### Data in this exercise:
____________

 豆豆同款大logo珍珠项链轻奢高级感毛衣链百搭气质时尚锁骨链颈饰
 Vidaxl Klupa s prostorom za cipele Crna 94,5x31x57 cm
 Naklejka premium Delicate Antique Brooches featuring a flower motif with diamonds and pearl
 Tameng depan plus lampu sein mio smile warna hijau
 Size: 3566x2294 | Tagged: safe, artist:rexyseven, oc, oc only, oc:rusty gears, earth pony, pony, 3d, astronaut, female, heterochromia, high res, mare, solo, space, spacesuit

____________

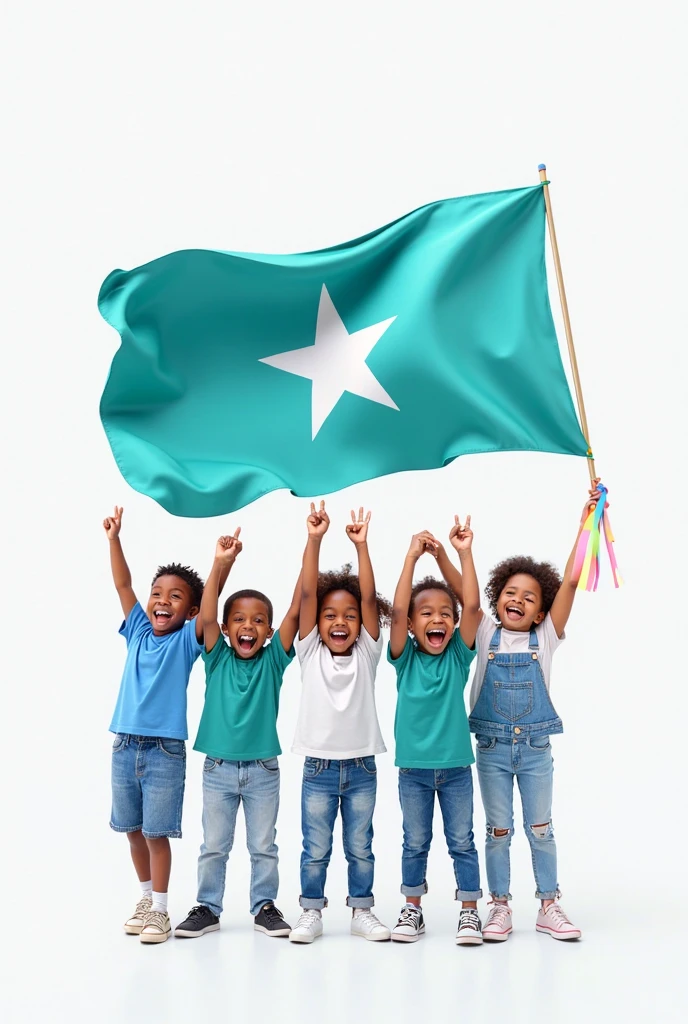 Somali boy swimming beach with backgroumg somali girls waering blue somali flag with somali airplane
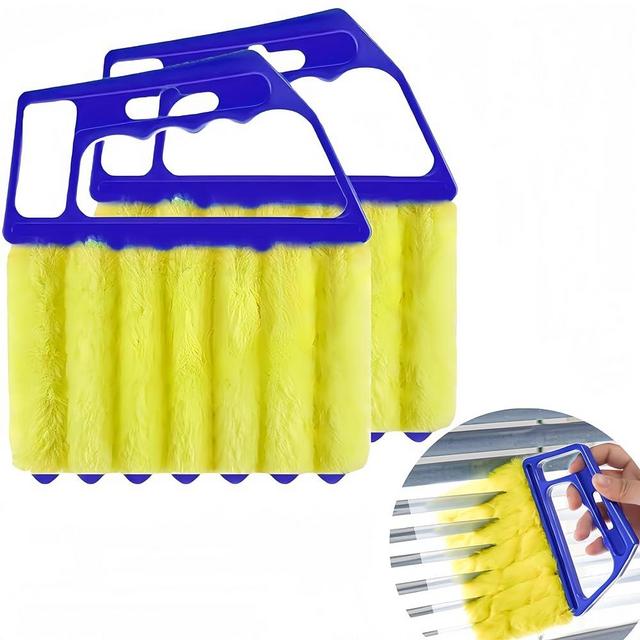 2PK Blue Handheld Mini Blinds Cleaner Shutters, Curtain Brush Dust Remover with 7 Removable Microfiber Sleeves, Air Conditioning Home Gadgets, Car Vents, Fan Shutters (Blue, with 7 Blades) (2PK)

____________

### Problem to work on:
Only those lines of the entries above that run from the line containing "Vidaxl Klupa s" to the line containing "Size: 3566x2294 |", both included, should be transcribed exactly.

### Answer to the problem:
 Vidaxl Klupa s prostorom za cipele Crna 94,5x31x57 cm
 Naklejka premium Delicate Antique Brooches featuring a flower motif with diamonds and pearl
 Tameng depan plus lampu sein mio smile warna hijau
 Size: 3566x2294 | Tagged: safe, artist:rexyseven, oc, oc only, oc:rusty gears, earth pony, pony, 3d, astronaut, female, heterochromia, high res, mare, solo, space, spacesuit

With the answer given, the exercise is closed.